Bu çukurun şimdiki adresi ise İdlib. Nitekim Rusya Dışişleri Bakanı SergeyLavrov, İdlib meselesinin İran, Türkiye ve Rusya liderlerinin Astana sürecinin üçüncü sacayağını oluşturan “Tahran Zirvesi”nin eksen konusunu oluşturacağını ifade ederken, Türk Dışişleri Bakanı Mevlüt Çavuşoğlu da adeta, “İdlib çatışmasızlık alanının korunması insani açıdan, terörle mücadele açısından önemlidir” deme mecburiyeti hissediyor.

Aslında her iki aktör açısından bu endişenin kaynağını İran oluşturuyor gibi. İran’ın ortaya koyduğu “çekince”, aynı zamanda Avrasya eksen arayışlarını da sabote ediyor gibi görünüyor. Dolayısıyla Tahran’da İran’ın Astana sürecini “İdlibçukuru”na gömmemesi oldukça önemli.

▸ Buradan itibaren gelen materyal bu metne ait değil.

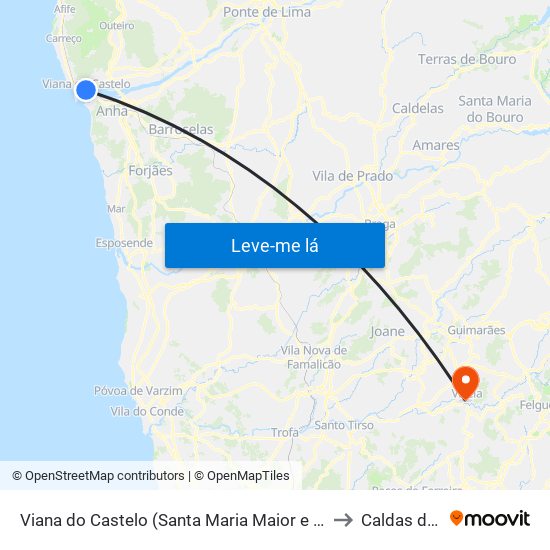 Viana do Castelo (Santa Maria Maior e Monserrate) e Meadela to Caldas de Vizela map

Petro’nun Vasiyeti Tahran Zirvesinde Ne Kadar Etkili Olacak?

Elbette Rusya’nın Tahran Zirvesi’nde takınacağı tutum Avrasya eksen inşasının geleceği açısından da oldukça belirleyici olacak. Çünkü yukarıda da değinildiği üzere, tarihsel kuşkular ve hafıza halen devrede. En azından şu iki sorunun cevabı merak ediliyor: “Türk-Rus ilişkilerinde Büyük Petro’nun vasiyeti nerede?” Ve “Tahran zirvesinde bu vasiyetin İran ile ilgili kısımları ne kadar belirleyici olacak?”

Zira şu ana kadar ki gelişmeler Moskova’nın Türkiye’yi Avrasya ekseninin bir ortağı olarak değil, daha ziyade bir parçası olarak görme eğiliminde olduğuna işaret ediyor. Rusya, Türkiye-Batı arasındaki krizin derinleşmesine katkıda bulunmak suretiyle Türkiye’yi tek taraflı olarak yanına çekmenin hesaplarını yaparken; aynı zamanda son dakikaya kadar Ankara’yı Batı’nın kendisine yönelik mevcut-olası operasyonlarının engellenmesi noktasında bir “veto merkezi” olarak görme eğiliminde.

Bu da bize şunu gösteriyor: ABD’nin Türkiye üzerindeki baskılarını en temelde İran, daha geniş anlamda Astana süreci ve “Avrasya ekseni” olarak okuyan Rusya, Türkiye ile bir “set inşası” arayışı içinde. Buna Amerikalılar Soğuk Savaş döneminde “ileri karakol” diyorlardı. Ha “ABD/NATO’nun doğu kanadı” ha “Rusya/Avrasya Bloğu’nun güney kanadı”…

O yüzden süreçte denge faktörüne, tarihsel hafızaya ve rasyonaliteye fazlasıyla dikkat!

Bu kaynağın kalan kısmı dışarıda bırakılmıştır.